[[ Records to use open ]]
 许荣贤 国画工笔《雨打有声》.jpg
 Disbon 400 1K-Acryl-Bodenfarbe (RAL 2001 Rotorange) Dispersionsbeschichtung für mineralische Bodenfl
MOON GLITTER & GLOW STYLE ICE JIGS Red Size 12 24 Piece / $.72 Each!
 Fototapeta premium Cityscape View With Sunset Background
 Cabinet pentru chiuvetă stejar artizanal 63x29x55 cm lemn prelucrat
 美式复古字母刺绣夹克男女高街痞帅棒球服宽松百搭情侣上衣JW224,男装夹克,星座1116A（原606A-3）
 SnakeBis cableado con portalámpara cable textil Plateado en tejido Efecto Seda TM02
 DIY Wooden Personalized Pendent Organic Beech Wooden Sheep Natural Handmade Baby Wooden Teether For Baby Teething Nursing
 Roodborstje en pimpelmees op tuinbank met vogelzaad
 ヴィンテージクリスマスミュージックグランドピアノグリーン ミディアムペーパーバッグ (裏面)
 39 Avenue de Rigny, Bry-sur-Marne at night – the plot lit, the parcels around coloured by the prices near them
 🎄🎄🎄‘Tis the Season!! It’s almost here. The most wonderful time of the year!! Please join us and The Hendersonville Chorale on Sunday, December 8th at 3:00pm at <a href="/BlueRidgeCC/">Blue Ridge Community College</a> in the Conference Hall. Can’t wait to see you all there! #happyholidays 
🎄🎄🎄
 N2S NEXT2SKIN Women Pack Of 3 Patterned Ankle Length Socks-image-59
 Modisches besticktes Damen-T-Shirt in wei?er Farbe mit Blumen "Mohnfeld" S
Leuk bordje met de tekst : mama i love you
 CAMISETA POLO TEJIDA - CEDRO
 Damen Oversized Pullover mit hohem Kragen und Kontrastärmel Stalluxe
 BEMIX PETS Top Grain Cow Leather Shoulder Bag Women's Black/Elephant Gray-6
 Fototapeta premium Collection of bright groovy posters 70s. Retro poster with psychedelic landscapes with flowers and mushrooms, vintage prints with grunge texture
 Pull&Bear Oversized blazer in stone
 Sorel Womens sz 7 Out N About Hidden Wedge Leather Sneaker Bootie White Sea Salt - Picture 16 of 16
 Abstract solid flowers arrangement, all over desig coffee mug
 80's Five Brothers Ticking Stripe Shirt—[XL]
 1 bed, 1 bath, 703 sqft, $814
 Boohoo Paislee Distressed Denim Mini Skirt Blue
[[ Records to use closed ]]
- [Exercise description]
The response must consist solely of the number of lines in the listing above that contain "Fototapeta".

- [Exercise result]
2